UNITED STATES DISTRICT COURT NORTHERN DISTRICT OF OHIO WESTERN DIVISION
Dec 1, 2014
CASE NO. 3:14CV6 (N.D. Ohio Dec. 1, 2014)

Opinion

CASE NO. 3:14CV6

12-01-2014

JOANNE GARZA Plaintiff v. CAROLYN W. COLVIN, ACTING COMMISSIONER OF SOCIAL SECURITY ADMINISTRATION Defendant.


MEMORANDUM AND OPINION

Plaintiff requests judicial review of the final decision of the Commissioner of Social Security denying Joanne Garza Disability Insurance Benefits (DIB) and Supplemental Security Income (SSI). The Plaintiff asserts that the Administrative Law Judge (ALJ) erred in her decision in finding that Plaintiff was not disabled because she could perform her past relevant work as a factory worker (Tr. 14-22). The Court finds that substantial evidence supports the ALJ's decision for the following reasons: I. PROCEDURAL HISTORY

Plaintiff, Joanne Garza, filed her application for DIB and SSI on September 28, 2010, alleging she became disabled on April 30, 2007 (Tr. 190-202). Plaintiff's application was denied initially and on reconsideration (Tr. 100-101, 128-129). Plaintiff requested a hearing before an ALJ, and, on September 4, 2012, a hearing was held where Plaintiff appeared with counsel and testified before an ALJ, and Mark A. Pinti, a vocational expert (VE), also testified (Tr. 28-73).

On September 18, 2012, the ALJ issued her decision, finding Plaintiff not to be disabled (Tr. 9-27). Plaintiff requested a review before the Appeals Council, and the Appeals Council denied Plaintiff's request for review (Tr. 1-6). Therefore, Plaintiff has requested judicial review of the Commissioner's final decision pursuant to 42 U.S.C. Sections 405(g) and 1383(c)(3). II. STATEMENT OF FACTS

At the time of the administrative hearing, Plaintiff was forty-seven years old (Tr. 190). She has a ninth-grade education and past relevant work experience as a factory worker (Tr. 22). III. SUMMARY OF MEDICAL EVIDENCE

Plaintiff has seen mental health professionals for mental health issues, beginning treatment in 2010 (Tr. 310). In October 2010, Plaintiff treated twice with Rescue Mental Health Services (Tr. 303-317). Plaintiff reported that she had functioned fairly normally until about three years earlier, and was able to hold good jobs in the past (Tr. 303, 310). When asked to explain the change in her functioning, Plaintiff reported, "I interrupt other people's conversations, I try to say something but then no one wants to listen to me and I get all upset. I tell them that they don't care and I might as well go kill myself because they don't care" (Tr. 303). She also complained of problems with hearing voices (Tr. 303, 310). Plaintiff was diagnosed with depressive disorder, not otherwise specified (NOS), because she did not satisfy the diagnostic criteria of major depressive disorder or dysthymic disorder (Tr. 310). She was also diagnosed with psychotic disorder NOS in order to define her complaints of hearing voices, but she did not meet the criteria of Schizophrenia or Schizoaffective Disorder (Tr. 310). She was assigned a global assessment of functioning (GAF) score of forty-five, serious symptoms or functioning (Tr. 316).

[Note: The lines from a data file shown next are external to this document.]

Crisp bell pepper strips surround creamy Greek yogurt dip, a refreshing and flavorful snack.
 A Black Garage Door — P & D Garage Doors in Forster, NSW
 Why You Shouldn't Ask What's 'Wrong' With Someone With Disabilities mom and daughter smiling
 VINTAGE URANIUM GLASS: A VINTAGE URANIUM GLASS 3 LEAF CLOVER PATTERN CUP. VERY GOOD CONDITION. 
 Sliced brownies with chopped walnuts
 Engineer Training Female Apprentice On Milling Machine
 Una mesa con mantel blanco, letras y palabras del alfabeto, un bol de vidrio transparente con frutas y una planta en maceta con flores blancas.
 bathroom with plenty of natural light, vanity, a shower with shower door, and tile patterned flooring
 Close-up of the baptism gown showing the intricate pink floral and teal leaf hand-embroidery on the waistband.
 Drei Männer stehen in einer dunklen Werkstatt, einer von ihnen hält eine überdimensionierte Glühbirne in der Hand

In December 2010, Plaintiff attended a consultative psychiatric examination by psychologist Mark D. Hammerly, Ph.D. (Tr. 318-325). She said she was applying for disability benefits because of "depression, you know . . . yeah, learning disabilities or something" (Tr. 318). Plaintiff reported that she attended school through ninth grade in regular classrooms (Tr. 319). Dr. Hammerly found this odd, stating, "I can't imagine how this person was 'missed' in school," and noting her borderline intellectual functioning (Tr. 319). When asked about her work history, Plaintiff said she was fired "because I would have bad attendance and would call off and come in late . . . I guess they needed people who really wanted to work, or something!" (Tr. 320). She said she left one job after a year when the company moved out of town (Tr. 320). She reported no problems getting along with people on the job, no problems with work speed, quality, or understanding (Tr. 320). She did report having problems "getting up in the morning and going to work and calling off all the time" (Tr. 320).

When asked about her daily activities, Plaintiff said she lived with friends and did most of the household duties in order to pay for her room and board, including dishes, laundry, cooking, housecleaning, and grocery shopping (Tr. 322). She said her friend paid the bills and kept track of the household money balances, although she had done this herself in the past at some point. Plaintiff reported having a suspended driver's license "because I forgot about appearing in court" (Tr. 322). She also said she was able to use public transportation, and usually took the bus or walked to appointments (Tr. 322).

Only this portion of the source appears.